Une “coopération concurrentielle”. C’est d’ailleurs comme cela qu’un ancien ministre qualifie la relation entre les deux hommes. Mais en sage qui mesure ses gestes et paroles, El Othmani ne fera jamais de l’ombre au chef. Après les résultats des législatives de 2007, en deçà des espérances du PJD, El Othmani cède la place à Benkirane, qui est enfin propulsé au poste de secrétaire général. “Benkirane a été choisi en 2008 parce qu’il convenait davantage à la situation. Il fallait un tribun capable de monter sur une estrade et affronter le projet du PAM. El Othmani n’en aurait pas été capable. Il avait accompli sa mission en sauvant le parti quand il était menacé de dissolution au lendemain du 16 mai 2003”, nous raconte un responsable du MUR. Dépassé par Benkirane, El Othmani ne fait pas de crise, et attend son heure.
La chèvre et le chou
Stoïque et fidèle ? Il y a de cela. Mais stratège aussi. “Il ne faisait partie ni du camp pro-20-février comme Ramid, ni de ceux qui étaient contre l’idée de manifester comme Baha et Benkirane”, nous explique la même source. “Cette prudence est souvent salvatrice, mais, parfois, ses tergiversations l’empêchent de trancher”, remarque-t-il. Est-il pour autant mou ? “Pas du tout”, conteste Noureddine Ahmed, ancien conseiller d’El Othmani du temps où il était ministre des Affaires étrangères : “C’est un diplomate de nature, il n’aime pas la confrontation mais il sait trancher quand il le faut”. “Il ne s’empresse jamais et prend toujours le temps avant de décider”, nous confirme Abdelaziz El Othmani, son ancien directeur de cabinet au parti entre 2007 et 2008. Mais tout le monde ne se rappelle pas du passage d’El Othmani comme une franche réussite. L’homme a commis des bourdes, tout diplomate qu’il est. La plus mémorable se passe lors d’une visite officielle au Koweït, où il assiste à un événement dans lequel sont présents les Frères musulmans. Une initiative qui a irrité ce pays du Conseil de coopération du Golfe et allié du Maroc. Une source au PJD soutient que cette visite a été instrumentalisée et que rien ne s’est fait sans l’aval des autorités. En 2016, à l’issue de sa visite en Algérie, il accorde une interview au journal Achark Al Awsat où il affirme que l’Algérie privilégie “une approche globale pour traiter tous les dossiers dans le cadre d’un dialogue direct”. Il ajoute qu’il ne connaît pas les raisons de la fermeture de la frontière maroco-algérienne et que s’il les connaissait vraiment, il se dépêcherait de les résoudre. Des déclarations qui lui ont valu d’être tancé par une partie de la presse marocaine, jugeant ses propos dommageables pour les intérêts du royaume.

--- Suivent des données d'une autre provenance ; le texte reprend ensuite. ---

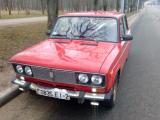 ВАЗ 2106 1991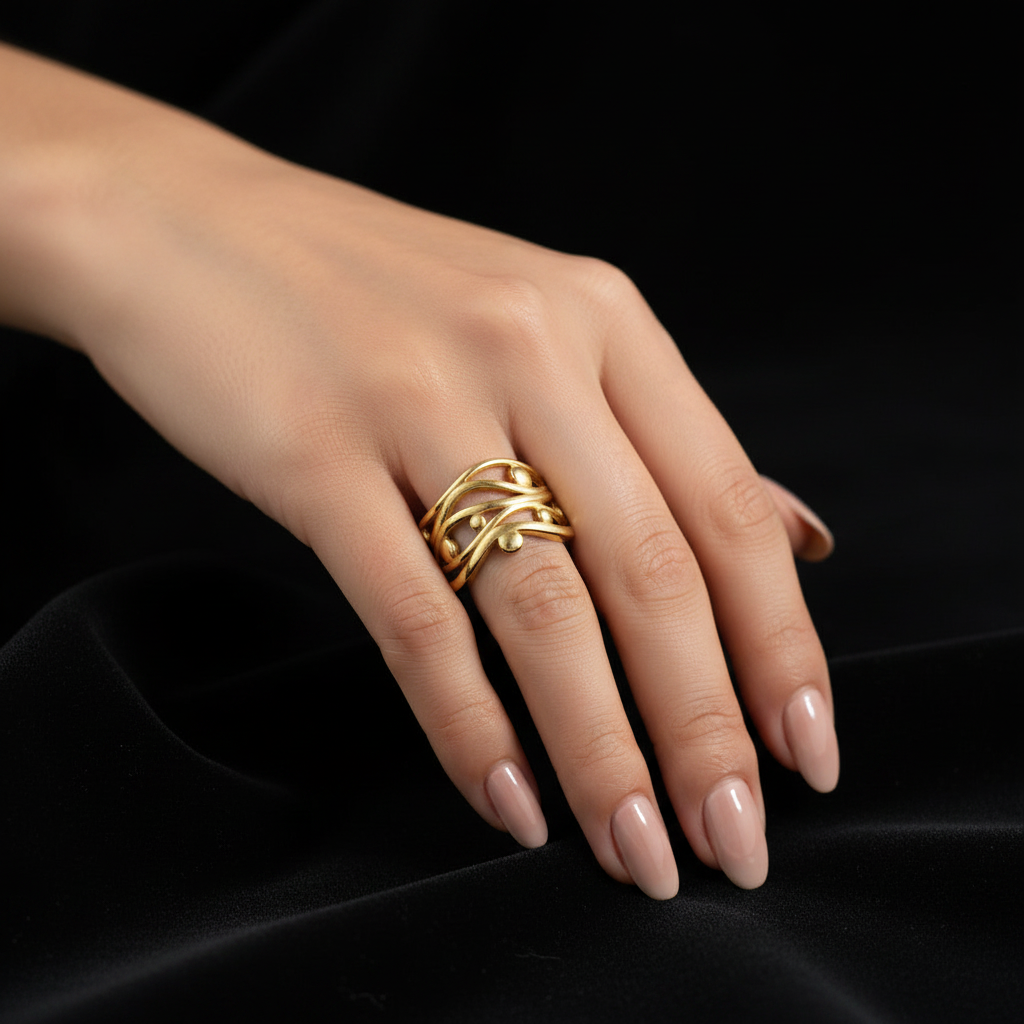 Anello liane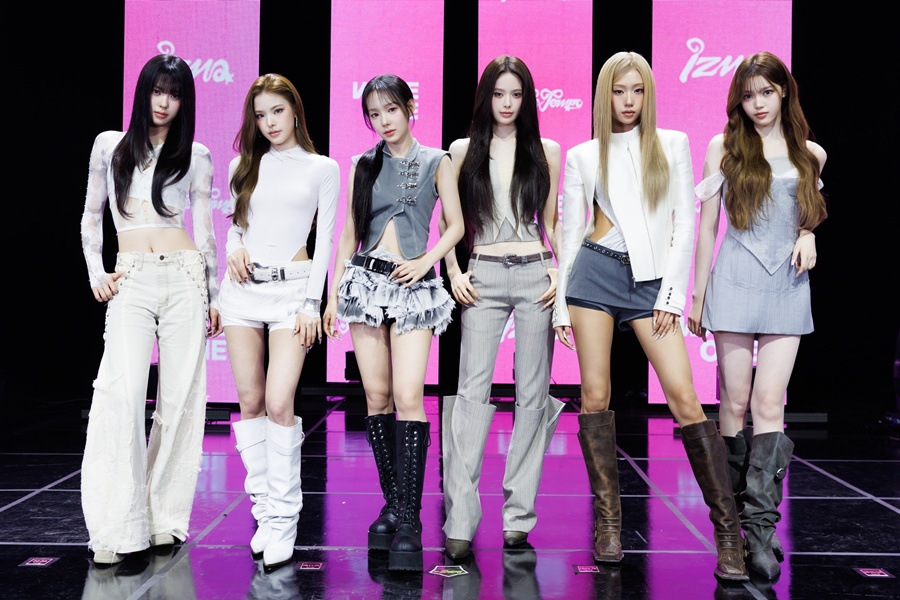 "�츮���� �ӵ���"��izna�� �᳻���� ���ο� é�� [����PICK]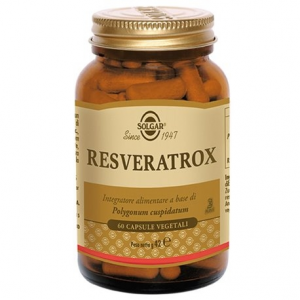 Resveratrox 60 capsule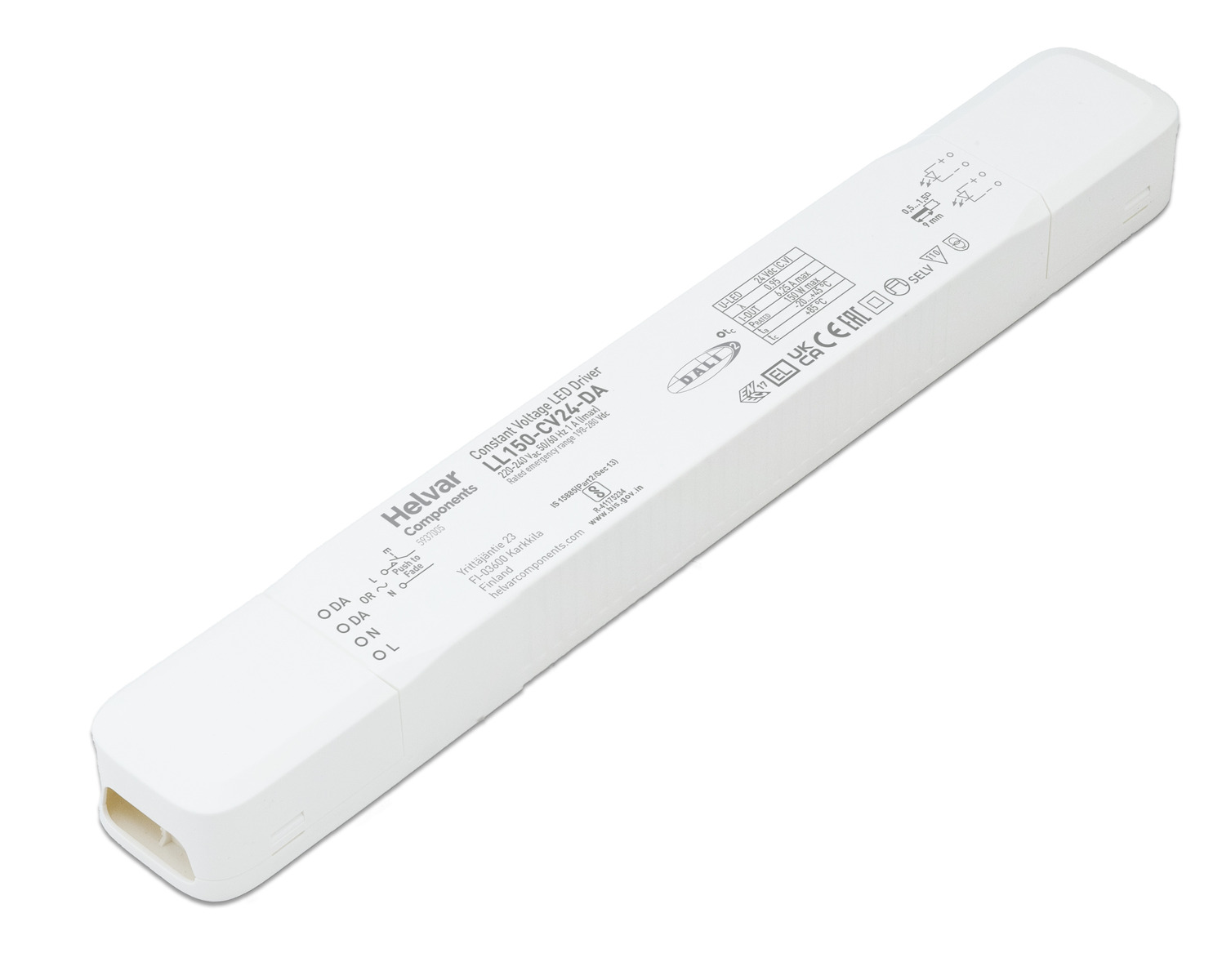 LL150-CV24-DA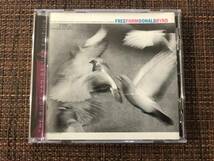 ドナルド・バード（Donald Byrd）フリー・フォーム Free Form 輸入盤 BLUENOTE RVG Edition_画像1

L’intello du PJD ne cherchait pourtant pas à faire des sorties fracassantes, les goûtant peu, au point où il n’y a aucune déclaration polémique de lui dans les archives de TelQuel depuis 2001. Au lieu de la controverse, ce diplômé à la fois de médecine et de Dar Al Hadith Al Hassaniya préfère l’action, de préférence scientifique. El Othmani participe par exemple à une journée d’études sur la légalisation du cannabis et se montre très tôt enclin à une législation plus favorable à l’avortement dans certains cas (viol, inceste…)
“Il a des positions qui irritent les plus conservateurs. Dans son livre ‘Les comportements du prophète vis-à-vis de l’imamat’, il explique que tout ce que fait le prophète n’est pas réalisé dans le cadre de la révélation, et peut donc comporter une part d’erreur”, nous explique un dirigeant PJD.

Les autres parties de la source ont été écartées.